Tony: This song has the utterly perfect blues opening, and this continues with the simple guitar part.

But what is strange about the song is that the chords are nothing like the chords we normally hear in blues music.  I am sure there is an F diminished in there, which is really unusual in the key of E.  (Or F#dim if you are playing it in F).   And it is because of this, I think, that Dylan simply strums the accompaniment with no attempt at anything beyond this.  The chords are telling us a story by themselves.

As our good friends at the Bob Dylan Project confirm (but I looked it up to be sure as my memory is getting very dodgy these days) the piece was written by the Austrian composer and conductor Wilhelm Grosz (1894-1939) and Sam Coslow.

Although you may only be familiar with this song beyond Dylan’s recording, you probably do know “Red Sails in the Sunset” by the same composer   Or, if I may be sold bold as to tell you what you ought to know, you ought to know it if you don’t.  Written in 1935 by which time Wilhelm Grosz was writing under the name Hugh Williams.

But I digress.   Back with “Tomorrow Night”, I have no evidence for this but I wonder if Dylan’s interest in the song came from this Lonnie Johnson recording

https://youtu.be/POnWb_fJc4I

This version brings out every element of the beauty of the song and ok there is the odd moment of perhaps unnecessary virtuoso guitar runs, but in essence the song is presented as itself – which of course is all it needs.  It is an absolute classic.
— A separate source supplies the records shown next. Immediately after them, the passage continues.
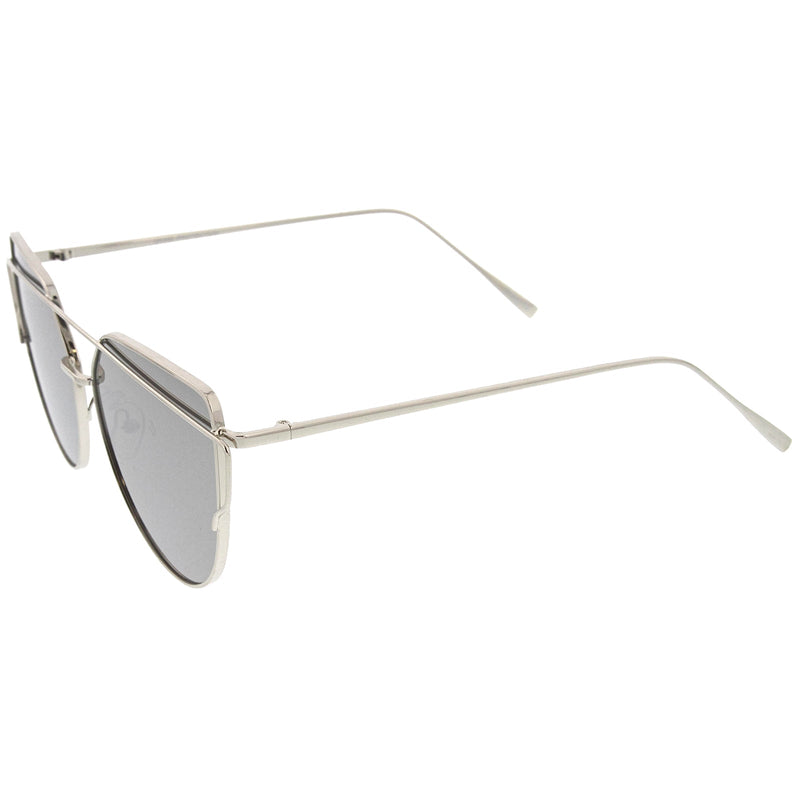 zeroUV Oversize Thin Cross Brow Mirrored Flat Lens Sunglasses A545 Sunglasses White Smoke Silver Silver Mirror,Gold Pink Mirror,Gold Blue Mirror,Gold Smoke Mirror,Black Magenta Mirror,Gold Gold Mirror,Silver Pink Mirror,Black Pink Mirror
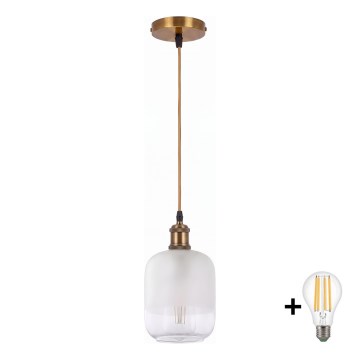 BRILAGI - LED pendel på kabel RETRO GLASS 1xE27/60W/230V Ø 14 cm guld/hvid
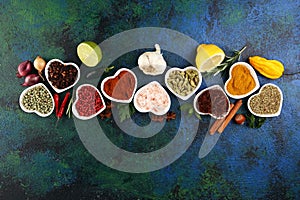 Spices and herbs on table. Food and cuisine ingredients with oil and vinegar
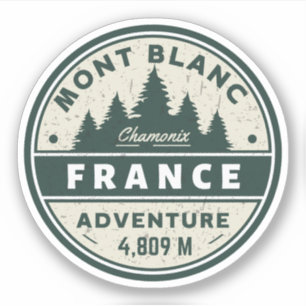 Mont Blanc wandelen Frans avontuur- Monte Bianco Sticker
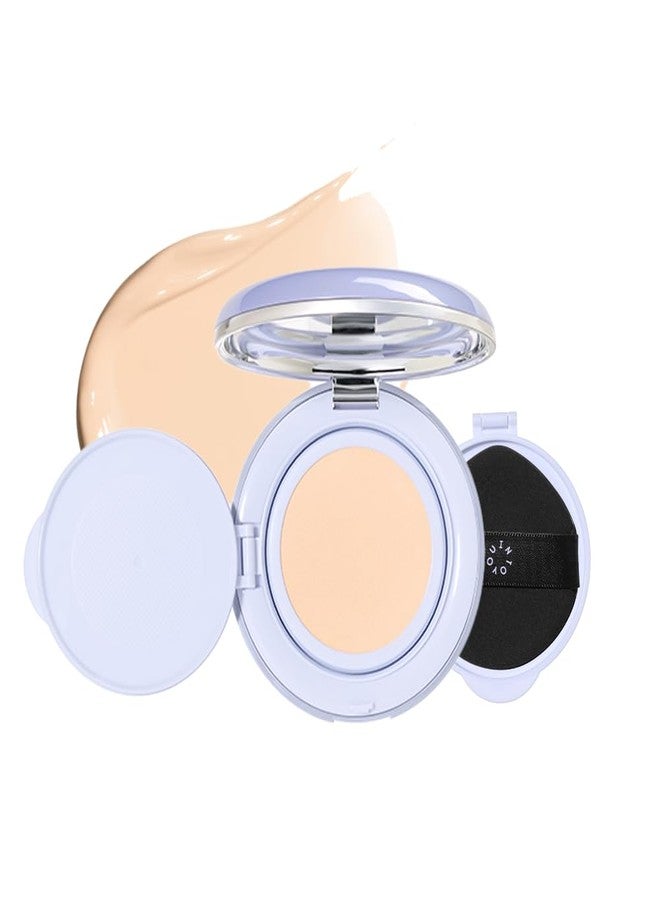 INTO YOU Purple Moisture Cushion Foundation(Refill Included), Full Coverage, Buildable, Hydration, Weightless, Cream Base Makeup, Smooth, Glowy Finish, Easy Application for Dry Skin, M01 Bright Ivory - Image 1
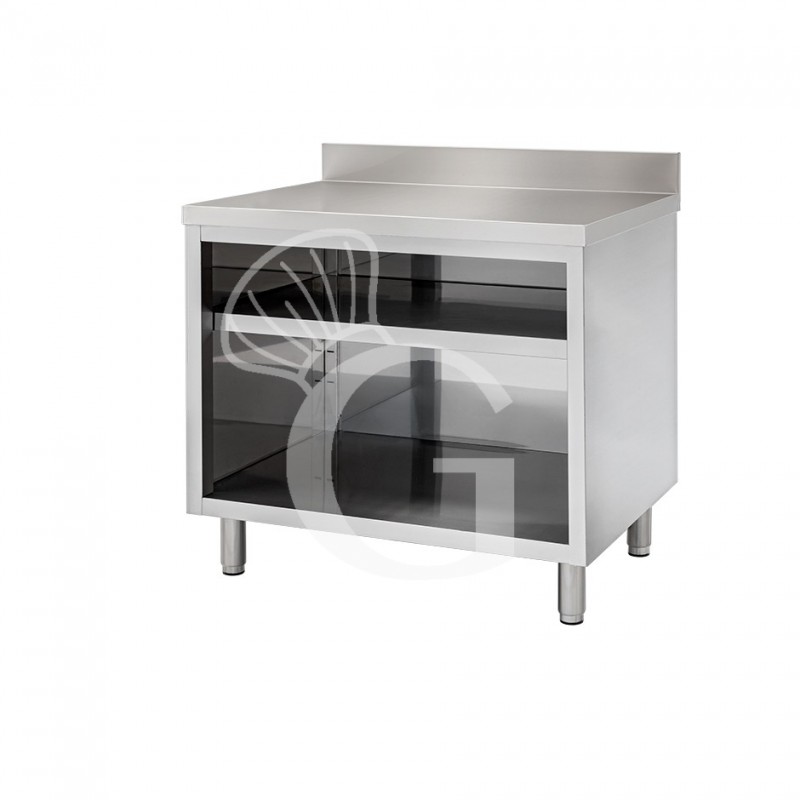 Mesa contrabarra de acero inoxidable con 2 estantes y peto L 1000 mm x P 600 mm x A 950 mm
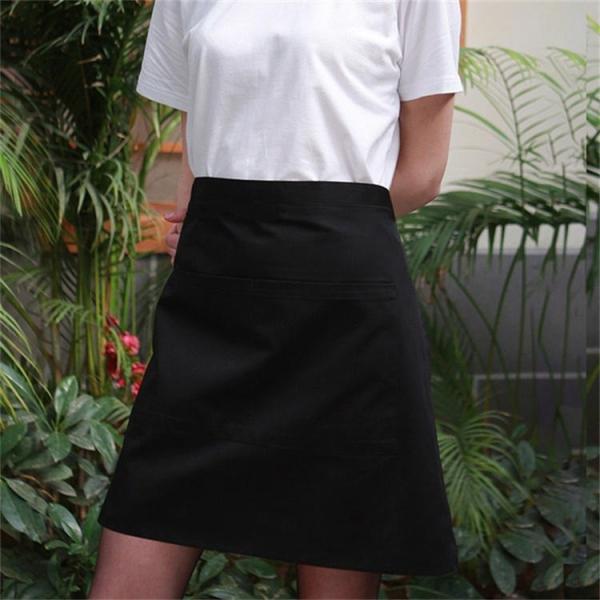 Waterproof Bartender Cotton Kitchen Bar Bistro Logo Waitress Short Waiter Waist Half Apron Chef Length Black apron for Cleaning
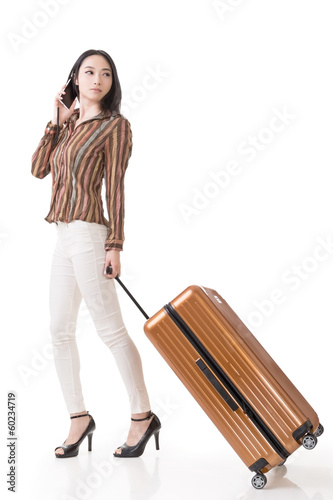 traveling Asian woman
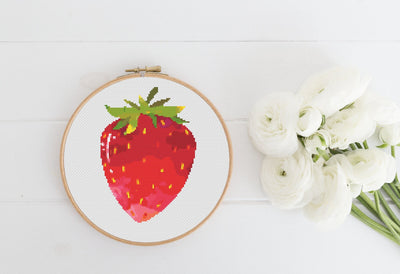 Strawberry Cross Stitch Pattern, Instant Download PDF, Nursery Room Decor, Modern Stitch Art, Boho Decor, Cross Stitch Art, Embroidery Gift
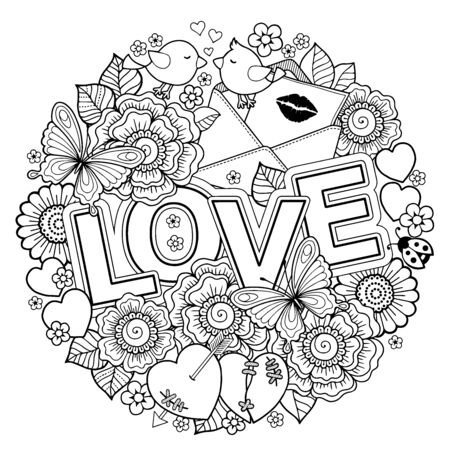 Vector coloring book for Adult. Design for wedding invitations and Valentine's Day of abstract flowers, hearts, envelope, arrow, heart, bird, kiss, butterflyのイラスト素材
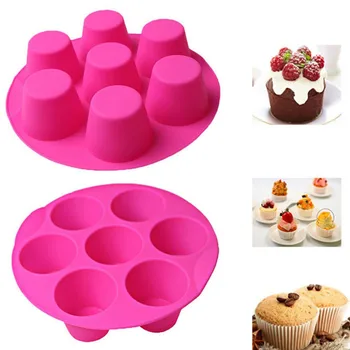 7 Süvend Ring Muffin Cup Silikoon Hallituse Kook Hallituse Muffin Cup Silikoon Bakeware Baking Pan Sahtel Hallituse Muffin Cupcake Hallituse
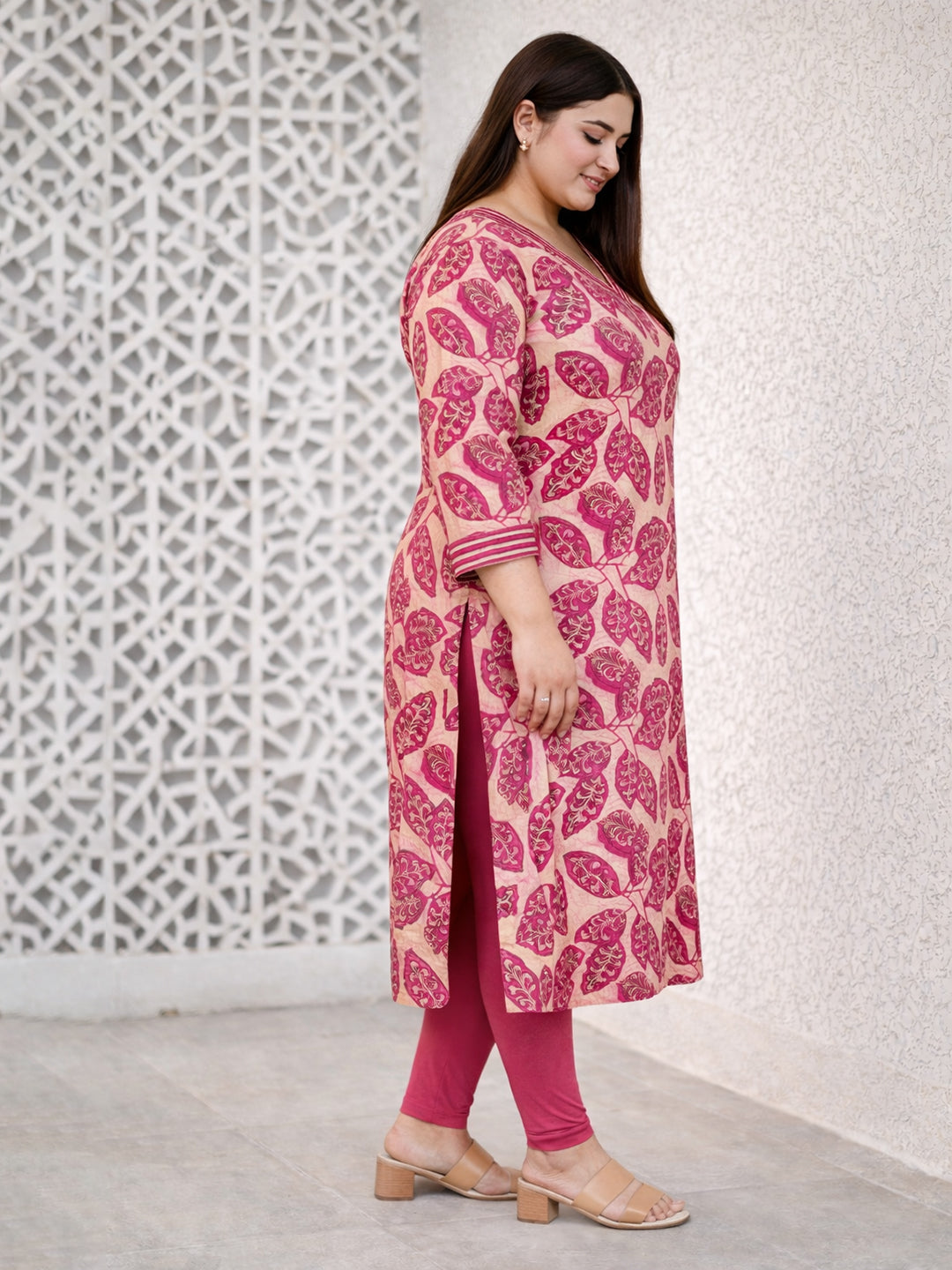 Magenta Ethnic Printed Kurti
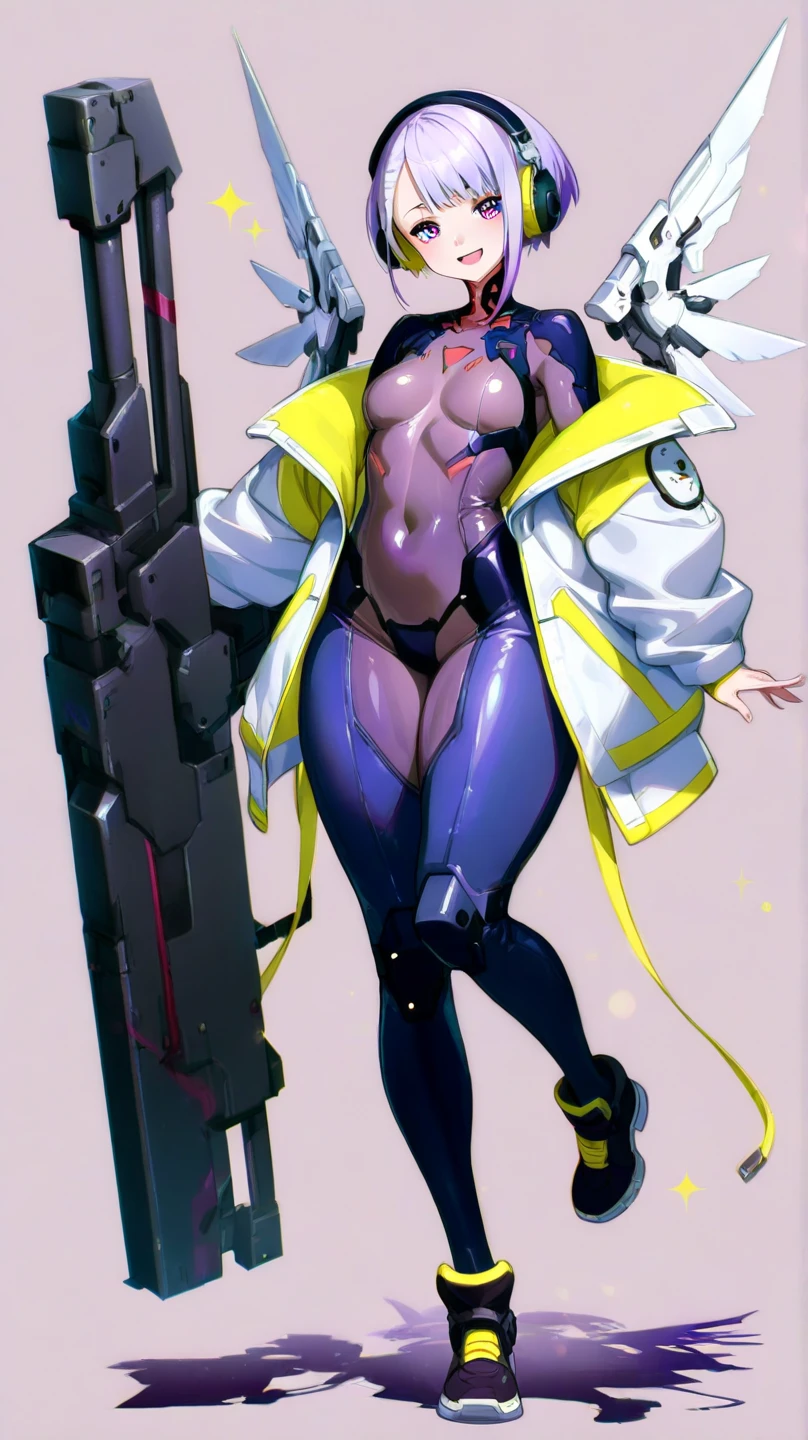 Cammy White from Street Fighter, 30 y.o. woman, ((1girl)) full body, full body standing straight symmetrical looking to the viewer, view from below, mature MILF BIMBO albino skin blonde short bob haircut, detailed happy face, purple eyes, white silver hair, abs, navel, big knockers, golden chain collar, stomach tattoo (red tattoo), hands on hips, wide hips, long legs, thick thighs, full body gantz suit armor torn apart, red gauntlets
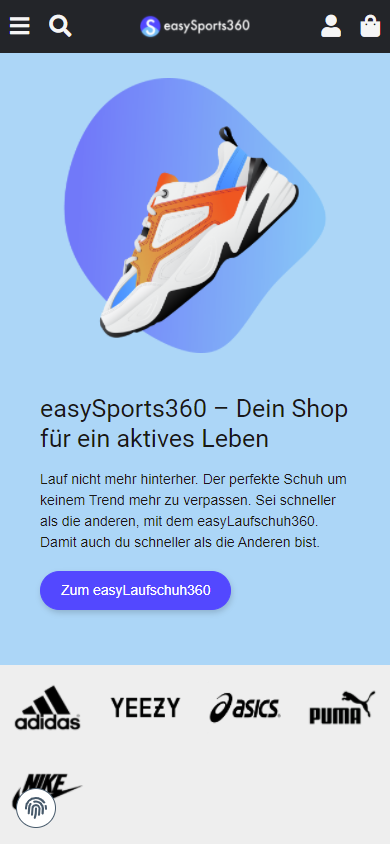 EasyTemplate360 Mobile Ansicht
Aaron: Here are a couple of other versions of this song for Tony to compare with Dylan’s.  First, Elvis Presley.

Tony: It is interesting that the producer felt there needed to be a touch of echo in this – I mean Elvis had a superb voice so why add anything to this?

The basics are all there, but if you have a moment I would urge you to play a bit of Elvis’ version and then Lonnie Johnson’s.  I so much prefer the latter to what seems to me the horrible over-production of the Elvis performance.

Also, I lose touch with those gorgeous chord changes against that beautiful flowing melody in the Presley production.   So no, this is not for me.  But I could go on listening to Lonnie Johnson over and over.  And in fact I have been.

Aaron: And last, Tom Jones

Tony: I can’t turn this link into a cover shot for some reason, so you’ll have to click here to hear it.

I think there is something about my musical taste which somehow always takes me back to days way before I was born rather than enjoying contemporary versions of older songs.   The addition of violins in the latter stages of this version really isn’t necessary, in my view, nor are the moments of vocal solo without accompaniment.

To make the singer the forefront of the piece, rather than let this wonderful song speak for itself seems ludicrous to me, but of course I know that the producers were wanting to maximise the fact that each (with Elvis and with Tom Jones) had a star performer in the studio.

And that is the difference between Bob Dylan and these other latter-day performers.  Bob delivers the song, reveres the song, nurtures the song, caresses the song…  It is all about the song, not about Bob Dylan.   Elvis and Tom Jones make the song nothing more than a vehicle for their own glorification.

Which is one of 10,000 reasons why I like the work of Dylan so much.   He rarely if ever puts himself before the music.   With Bob, the music is always everything.  It’s not the singer, it’s the song.

 

2 Comments

  1. Thank you for another thoughtful piece. I always thought this was one of his most affecting vocal performances, especially coming at a time when many official recordings had been so weak. There is a sweetness in tone that makes it stand out even on that fine LP. Two notes: Red Sails in the Sunset was (cough) the inspiration for Beyond the Horizon. I believe I read in the Daily Telegraph a letter from ancestors of the song composers that Bob Dylan paid out on this being pointed out to his people. Also there is a small typo (‘sold bold’).